The Louisiana Stadium and Exposition District (LSED) is a public agency and political subdivision of the State of Louisiana, established in 1972 to finance, own, and manage major sports, entertainment, and exposition facilities in the New Orleans metropolitan area. Best known as the owner of the Caesars Superdome, Smoothie King Center, and Champions Square, the LSED plays a central role in maintaining the infrastructure that supports large-scale national events such as the Super Bowl, College Football Playoff, and NCAA Final Four.

The district is governed by a board of commissioners appointed by the governor and operates under the oversight of the Louisiana state legislature. It is authorized to issue bonds, collect taxes and fees, and enter into long-term lease agreements with professional sports teams, including the New Orleans Saints of the NFL and the New Orleans Pelicans of the NBA.

Since its founding, the LSED has overseen billions of dollars in construction, renovation, and recovery projects-including post-Hurricane Katrina repairs and recent modernization programs-making it a key institution in the development of Louisiana's sports tourism and entertainment economy.

== History ==
The LSED was formally established in late 1966 during the administration of Governor John J. McKeithen, whose support for a domed stadium in New Orleans laid the political groundwork for the agency’s creation and financing powers. Its creation was driven by the city’s ambition to attract a professional football franchise and expand its capacity to host large-scale events. One of the district’s first major undertakings was the financing and construction of the Louisiana Superdome (now Caesars Superdome), which opened in 1975 as one of the largest domed stadiums in the world.

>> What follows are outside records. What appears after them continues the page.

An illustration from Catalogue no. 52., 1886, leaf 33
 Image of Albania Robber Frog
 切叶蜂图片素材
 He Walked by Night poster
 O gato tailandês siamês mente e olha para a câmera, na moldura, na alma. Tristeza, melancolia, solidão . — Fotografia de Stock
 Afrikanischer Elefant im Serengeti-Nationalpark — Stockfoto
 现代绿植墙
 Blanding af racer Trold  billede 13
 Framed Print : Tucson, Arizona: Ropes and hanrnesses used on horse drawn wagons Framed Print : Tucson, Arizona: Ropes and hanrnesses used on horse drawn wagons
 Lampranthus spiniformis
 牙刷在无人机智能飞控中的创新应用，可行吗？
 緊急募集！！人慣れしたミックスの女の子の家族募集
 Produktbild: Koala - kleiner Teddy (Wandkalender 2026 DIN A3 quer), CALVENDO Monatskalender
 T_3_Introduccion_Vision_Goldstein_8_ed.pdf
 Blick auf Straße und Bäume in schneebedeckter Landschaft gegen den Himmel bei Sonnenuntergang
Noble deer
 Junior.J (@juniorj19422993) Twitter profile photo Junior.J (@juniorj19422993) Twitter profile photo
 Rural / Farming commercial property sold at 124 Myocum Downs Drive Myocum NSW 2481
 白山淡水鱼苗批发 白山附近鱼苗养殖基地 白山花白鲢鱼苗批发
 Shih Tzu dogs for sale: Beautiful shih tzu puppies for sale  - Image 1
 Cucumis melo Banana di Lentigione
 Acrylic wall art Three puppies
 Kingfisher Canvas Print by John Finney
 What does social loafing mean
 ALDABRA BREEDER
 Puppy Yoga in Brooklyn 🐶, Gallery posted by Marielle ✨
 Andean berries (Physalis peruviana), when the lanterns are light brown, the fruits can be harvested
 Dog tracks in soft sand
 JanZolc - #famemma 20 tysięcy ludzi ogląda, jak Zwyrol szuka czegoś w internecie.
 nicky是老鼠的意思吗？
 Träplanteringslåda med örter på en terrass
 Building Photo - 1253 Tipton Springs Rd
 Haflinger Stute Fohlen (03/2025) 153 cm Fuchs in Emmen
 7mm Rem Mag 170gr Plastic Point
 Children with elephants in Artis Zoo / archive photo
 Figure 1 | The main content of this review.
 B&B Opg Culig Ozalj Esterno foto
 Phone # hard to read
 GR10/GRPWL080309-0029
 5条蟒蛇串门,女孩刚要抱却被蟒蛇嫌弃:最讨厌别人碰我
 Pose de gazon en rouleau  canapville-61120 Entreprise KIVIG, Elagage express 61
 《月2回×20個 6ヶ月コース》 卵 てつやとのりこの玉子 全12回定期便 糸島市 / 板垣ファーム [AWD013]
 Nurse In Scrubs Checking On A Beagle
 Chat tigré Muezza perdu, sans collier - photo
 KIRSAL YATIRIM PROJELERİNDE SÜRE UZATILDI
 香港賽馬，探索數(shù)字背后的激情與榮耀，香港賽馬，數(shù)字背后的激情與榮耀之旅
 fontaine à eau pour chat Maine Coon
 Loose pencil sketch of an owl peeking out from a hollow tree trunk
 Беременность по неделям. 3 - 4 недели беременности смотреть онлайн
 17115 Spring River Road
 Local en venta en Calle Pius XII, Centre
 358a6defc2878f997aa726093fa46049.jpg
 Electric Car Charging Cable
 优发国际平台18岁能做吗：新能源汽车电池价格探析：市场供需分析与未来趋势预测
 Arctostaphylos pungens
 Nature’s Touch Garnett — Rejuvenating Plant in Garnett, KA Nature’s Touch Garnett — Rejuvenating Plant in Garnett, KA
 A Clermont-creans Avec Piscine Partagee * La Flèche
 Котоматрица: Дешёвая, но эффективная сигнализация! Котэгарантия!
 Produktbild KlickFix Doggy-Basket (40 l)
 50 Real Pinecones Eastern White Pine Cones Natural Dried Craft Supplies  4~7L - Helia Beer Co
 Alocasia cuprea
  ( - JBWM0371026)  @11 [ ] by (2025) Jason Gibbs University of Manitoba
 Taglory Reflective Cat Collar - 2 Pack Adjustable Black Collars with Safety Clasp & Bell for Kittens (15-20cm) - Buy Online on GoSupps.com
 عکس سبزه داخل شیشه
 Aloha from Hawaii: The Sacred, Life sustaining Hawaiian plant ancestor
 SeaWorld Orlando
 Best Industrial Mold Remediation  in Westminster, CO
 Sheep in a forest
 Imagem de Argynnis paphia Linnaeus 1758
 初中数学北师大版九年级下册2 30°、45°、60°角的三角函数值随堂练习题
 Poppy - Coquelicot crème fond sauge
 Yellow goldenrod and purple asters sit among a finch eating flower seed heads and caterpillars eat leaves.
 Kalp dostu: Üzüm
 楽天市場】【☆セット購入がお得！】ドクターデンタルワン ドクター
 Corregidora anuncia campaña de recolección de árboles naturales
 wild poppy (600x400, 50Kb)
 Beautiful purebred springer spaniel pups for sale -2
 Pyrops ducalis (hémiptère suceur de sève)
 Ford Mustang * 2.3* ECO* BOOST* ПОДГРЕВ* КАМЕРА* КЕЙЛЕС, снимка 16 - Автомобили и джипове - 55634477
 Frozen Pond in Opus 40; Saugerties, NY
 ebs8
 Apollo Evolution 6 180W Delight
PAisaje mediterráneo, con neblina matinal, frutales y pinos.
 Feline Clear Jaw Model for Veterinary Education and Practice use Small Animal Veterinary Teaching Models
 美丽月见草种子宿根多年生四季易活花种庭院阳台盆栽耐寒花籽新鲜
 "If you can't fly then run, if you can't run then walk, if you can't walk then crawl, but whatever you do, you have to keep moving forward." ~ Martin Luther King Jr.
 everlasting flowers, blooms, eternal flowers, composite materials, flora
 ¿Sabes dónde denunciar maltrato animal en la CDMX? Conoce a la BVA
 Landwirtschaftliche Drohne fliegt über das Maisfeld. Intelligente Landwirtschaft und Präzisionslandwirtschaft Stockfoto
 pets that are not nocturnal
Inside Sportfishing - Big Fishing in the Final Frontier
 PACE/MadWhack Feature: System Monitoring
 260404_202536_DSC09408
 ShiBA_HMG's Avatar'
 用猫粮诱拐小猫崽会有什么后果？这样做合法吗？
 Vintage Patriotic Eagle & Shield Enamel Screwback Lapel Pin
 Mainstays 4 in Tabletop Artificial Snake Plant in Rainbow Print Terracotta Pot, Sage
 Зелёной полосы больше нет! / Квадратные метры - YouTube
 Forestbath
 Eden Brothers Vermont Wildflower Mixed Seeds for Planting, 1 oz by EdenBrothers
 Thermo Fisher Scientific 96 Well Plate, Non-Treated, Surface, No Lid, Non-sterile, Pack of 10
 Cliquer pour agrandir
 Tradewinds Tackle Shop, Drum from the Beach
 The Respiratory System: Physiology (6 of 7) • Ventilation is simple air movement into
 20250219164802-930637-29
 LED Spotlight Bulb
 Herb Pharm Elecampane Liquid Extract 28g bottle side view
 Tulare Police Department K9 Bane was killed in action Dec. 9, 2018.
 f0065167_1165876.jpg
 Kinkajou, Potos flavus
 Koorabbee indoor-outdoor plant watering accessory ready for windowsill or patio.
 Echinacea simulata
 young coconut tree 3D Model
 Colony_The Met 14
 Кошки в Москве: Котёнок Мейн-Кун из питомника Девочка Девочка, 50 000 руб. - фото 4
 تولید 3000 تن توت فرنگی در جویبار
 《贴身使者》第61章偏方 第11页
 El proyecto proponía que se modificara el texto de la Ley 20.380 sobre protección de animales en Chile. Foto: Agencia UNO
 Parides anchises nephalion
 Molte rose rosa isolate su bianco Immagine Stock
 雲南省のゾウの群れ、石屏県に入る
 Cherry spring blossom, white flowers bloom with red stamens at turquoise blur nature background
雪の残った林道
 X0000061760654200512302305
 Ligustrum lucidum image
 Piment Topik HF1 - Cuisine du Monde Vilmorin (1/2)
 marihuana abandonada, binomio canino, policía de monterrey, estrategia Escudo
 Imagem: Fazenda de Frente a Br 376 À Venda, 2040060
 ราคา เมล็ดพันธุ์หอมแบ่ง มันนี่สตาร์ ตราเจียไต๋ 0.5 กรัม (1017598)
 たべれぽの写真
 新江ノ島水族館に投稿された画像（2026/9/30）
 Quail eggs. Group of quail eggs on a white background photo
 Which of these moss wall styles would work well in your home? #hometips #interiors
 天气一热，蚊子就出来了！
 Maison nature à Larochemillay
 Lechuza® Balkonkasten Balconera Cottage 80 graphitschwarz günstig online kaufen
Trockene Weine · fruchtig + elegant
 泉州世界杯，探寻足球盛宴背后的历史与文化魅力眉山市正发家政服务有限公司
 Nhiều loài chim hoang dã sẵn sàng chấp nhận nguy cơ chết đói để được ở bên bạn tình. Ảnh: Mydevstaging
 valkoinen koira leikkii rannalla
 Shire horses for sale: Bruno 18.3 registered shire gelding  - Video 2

Much of the early momentum behind the project was driven by Dave Dixon, a New Orleans sports entrepreneur whose lobbying efforts and vision for a multipurpose domed stadium were instrumental in the establishment of the LSED and the eventual construction of the Superdome.

Over the years, LSED’s authority was expanded through legislation enabling it to issue bonds, collect dedicated tax revenues, and enter into lease agreements with professional sports franchises such as the New Orleans Saints and New Orleans Pelicans. Following Hurricane Katrina in 2005, the LSED played a central role in coordinating and funding the $185 million renovation of the Superdome, allowing it to reopen in time for the 2006 NFL season. The district has also overseen numerous facility upgrades to meet NFL and NCAA requirements for hosting Super Bowls, Final Fours, and other marquee events.

== Facilities Managed ==
The Louisiana Stadium and Exposition District (LSED) owns, operates, or finances several major sports and entertainment venues in the New Orleans area:

- Caesars Superdome: Opened in 1975 and originally known as the Louisiana Superdome, it is the flagship facility under LSED's management. The stadium is home to the New Orleans Saints of the NFL and regularly hosts marquee events including Super Bowls, NCAA Final Fours, and the Sugar Bowl.
- Smoothie King Center: Located adjacent to the Superdome, this arena is home to the NBA’s New Orleans Pelicans. Opened in 1999, it is used for basketball games, concerts, and other large indoor events.
- Champions Square: A festival plaza and event space created in 2010 as part of post-Katrina revitalization efforts. It is used for tailgating, concerts, and public gatherings tied to events at the Superdome and Smoothie King Center.
- Alario Center: A multi-purpose facility in Westwego, Louisiana used for amateur sports, trade shows, graduations, and community events.
- Tennis Center at City Park: A regional tennis facility in New Orleans operated with support from the LSED, featuring over 20 courts and hosting youth and adult tournaments.
In addition to venues, the LSED manages related infrastructure including parking garages, administrative offices, and land parcels in the surrounding downtown sports and entertainment district. The district also facilitates naming rights agreements, long-term leases with teams, event hosting contracts, and collects dedicated hotel occupancy taxes and other fees as revenue sources.